(Short descriptive text snippets)
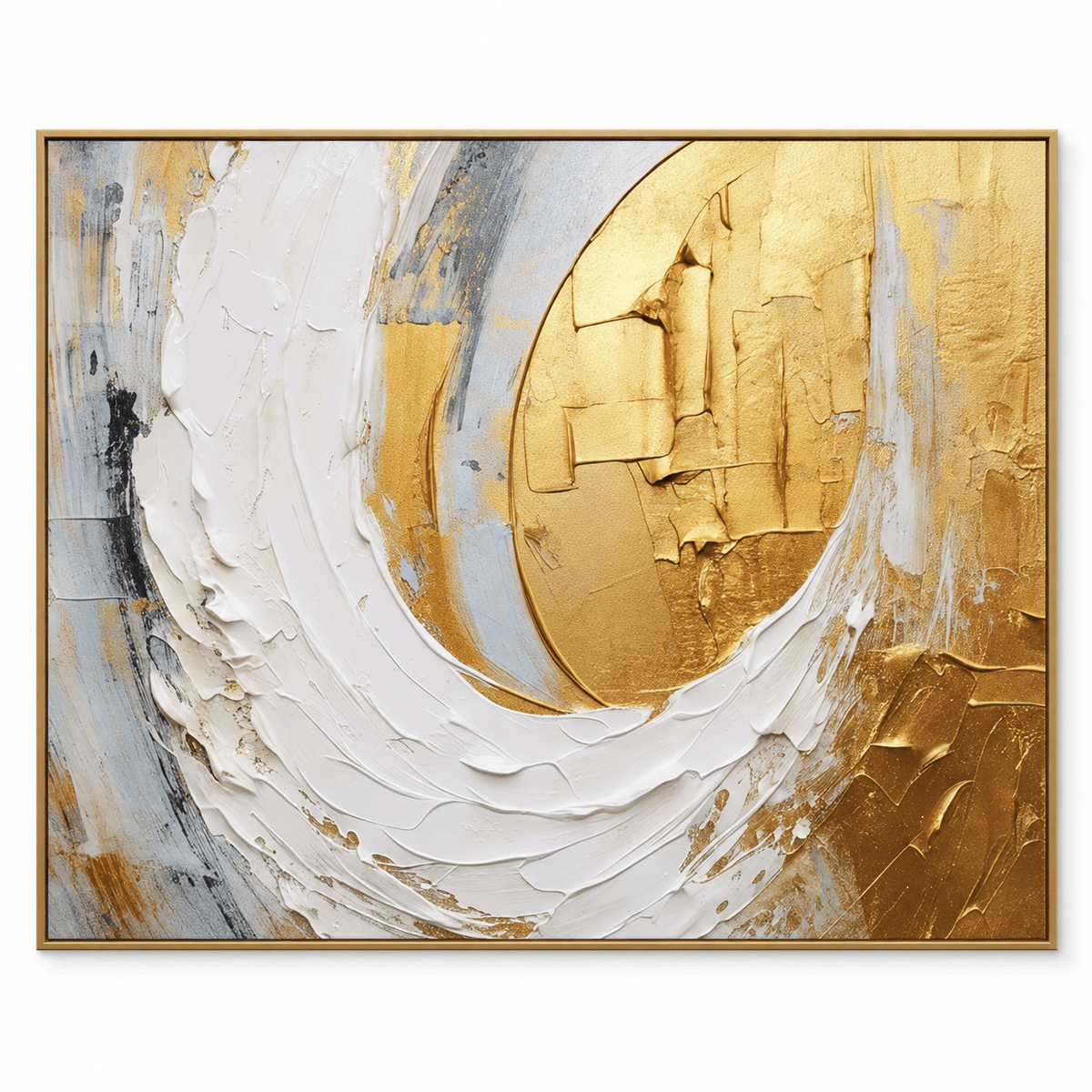 Textured Gold Abstract Wall Art #TO100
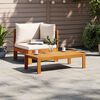 vidaXL 2-tlg. Garten-Sofa-Set mit Kissen Massivholz Akazie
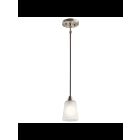 Mini suspendu Kichler Skagos 52235NI 1-lumière 75W nickel brossé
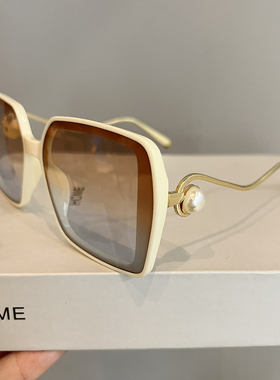 2025新款高级感珍珠镶嵌太阳镜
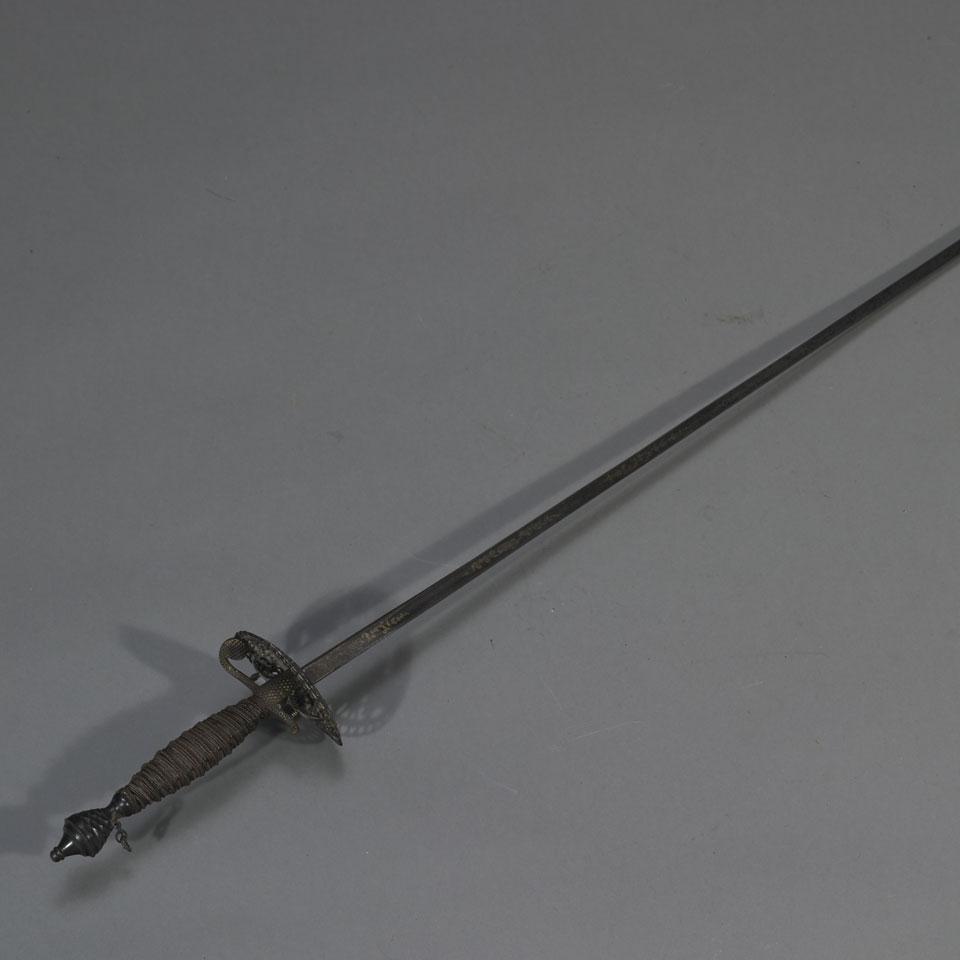 French Damascened Sword, 18th century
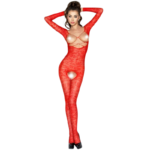 PASSION – FEMME BS031 BODYSTOCKING ROUGE TAILLE UNIQUE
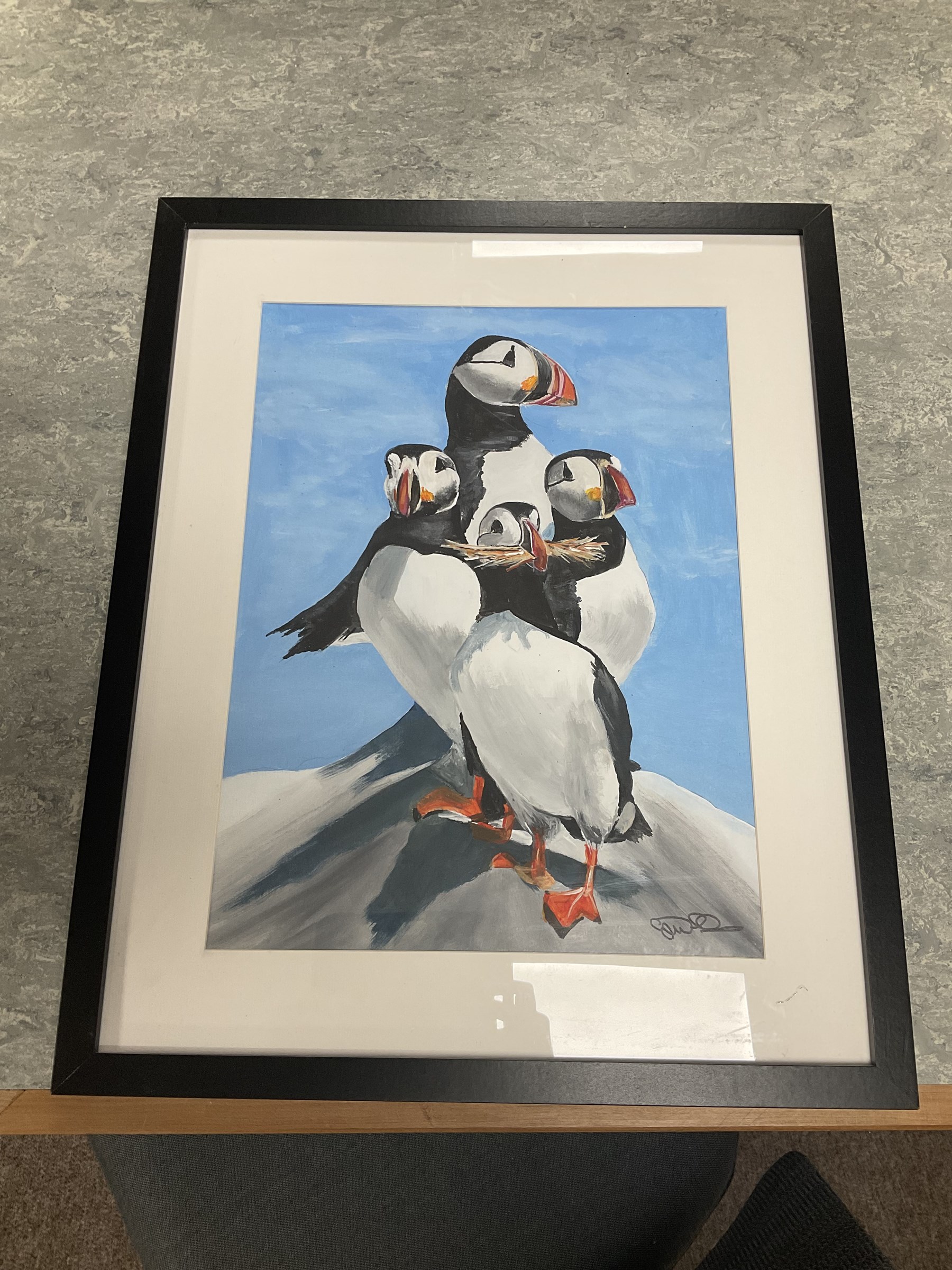 Collection of pictures, to include Victoria Woodward (British Contemporary): Female Portraits, three coloured pencil and watercolour respectively signed; English School (21st Century): Whimsical Animals, four acrylic on canvas board signed, and photographic print of an Eagle, max 50cm x 40cm (8)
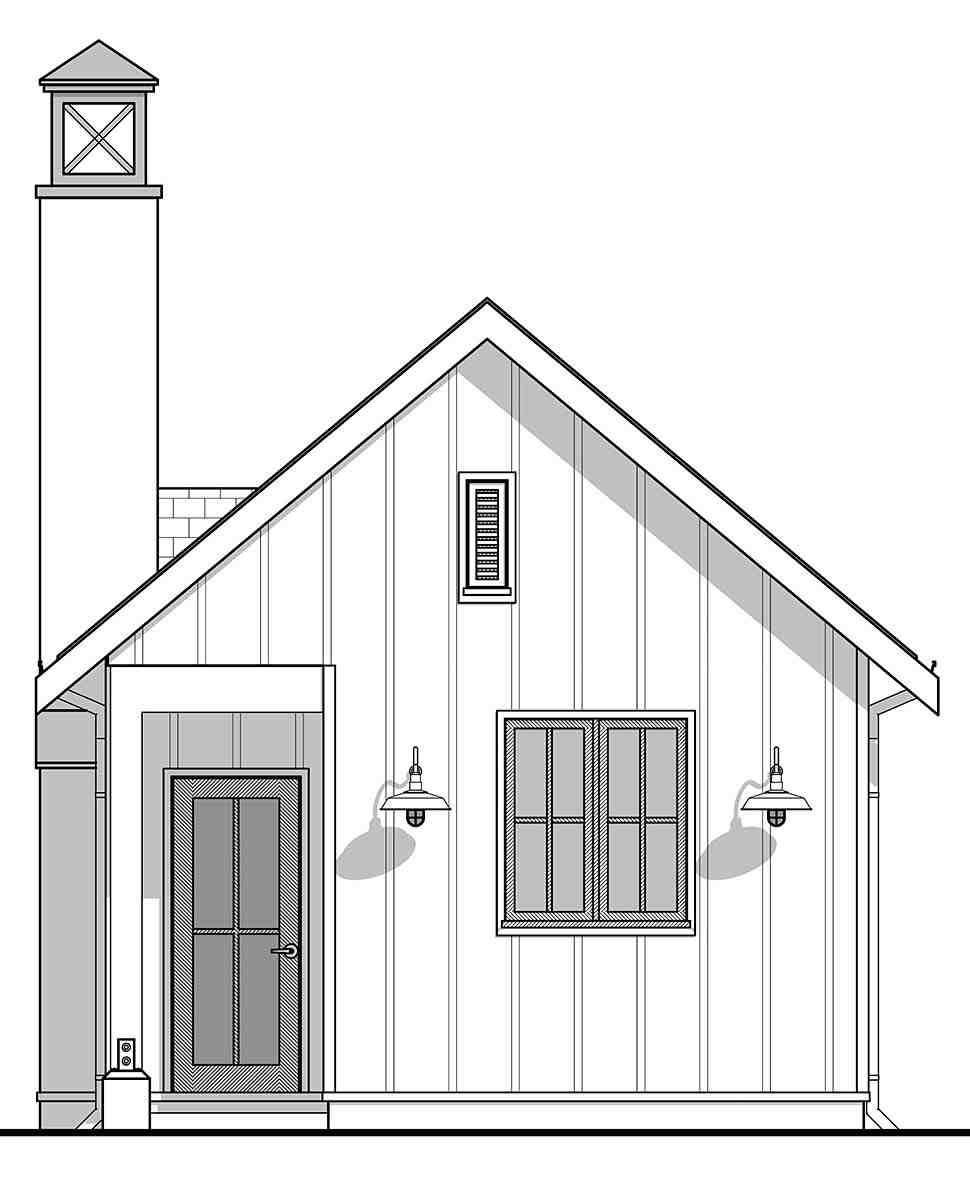 Country, Farmhouse, Traditional House Plan 42919 with 1 Beds, 1 Baths Picture 3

**Task item**
Once the line containing "French Damascened Sword, 18th century" has been found, write out exactly that line and each one after it through the end of the data, leaving out every picture.

**Task output**
 French Damascened Sword, 18th century
 PASSION – FEMME BS031 BODYSTOCKING ROUGE TAILLE UNIQUE
 Collection of pictures, to include Victoria Woodward (British Contemporary): Female Portraits, three coloured pencil and watercolour respectively signed; English School (21st Century): Whimsical Animals, four acrylic on canvas board signed, and photographic print of an Eagle, max 50cm x 40cm (8)
 Country, Farmhouse, Traditional House Plan 42919 with 1 Beds, 1 Baths Picture 3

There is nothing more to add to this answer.